# Paint Creek Newbie Tips!?!? Good spot?!?!?



## flyfisher4life1 (Sep 5, 2011)

Hey guys, well I just started fly fishing and I want to hook a trout. And the only place I heard to catch trout by where I live is paint creek, but I went a few times and didnt catch anything. So do you guys know any flies I should use and good spot to fish?


----------



## BIG "D" (Sep 14, 2005)

Read older posts. They are a wealth of information. Or just fish the park in rochester.:lol:


----------



## troutmaster (Jun 7, 2011)

The park is where I have been having the most success recently and it's a great place for starters with lots of casting room. In terms of flies, I would recommend a #16 Adams or #16 Copper Johns.

Just a heads up, the Arts and Apples festival is in the park this weekend so you might want to avoid it.

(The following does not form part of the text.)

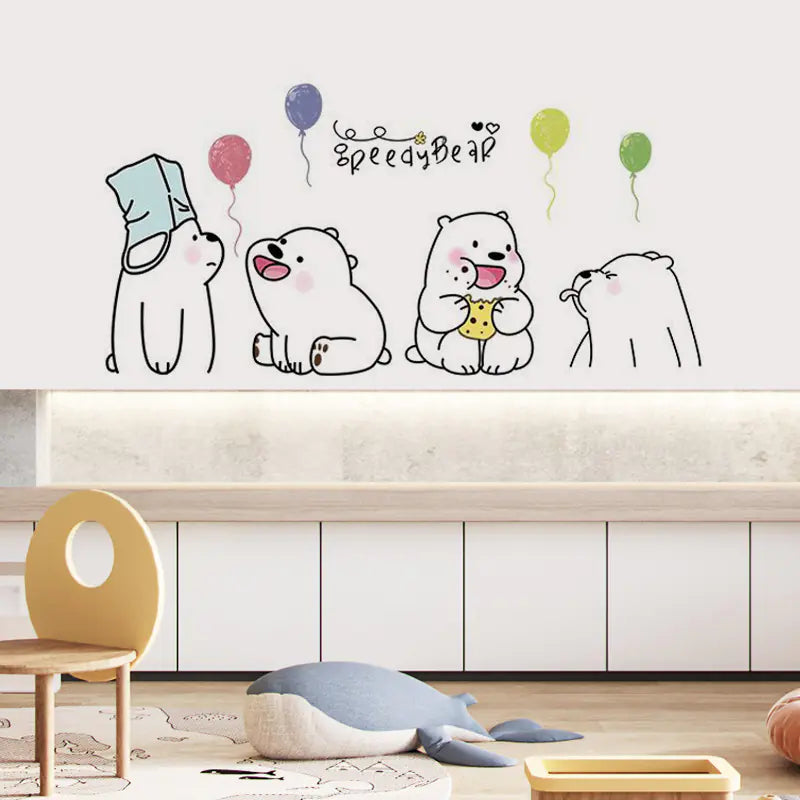 Cute Lazy Bear Wall Stickers for Kids' Rooms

I hope you get a trout before the end of the season! I'm hoping to get out a few more times this year but with school starting it'll be tough.


----------



## flyfisher4life1 (Sep 5, 2011)

Thank you for your reply, but how do you get to the while driving can you give some directions please. By the way how old are you im 14 and yes its hard to fish when you got school.


----------



## troutmaster (Jun 7, 2011)

It is called Rochester Municipal Park and it is located in downtown Rochester.


----------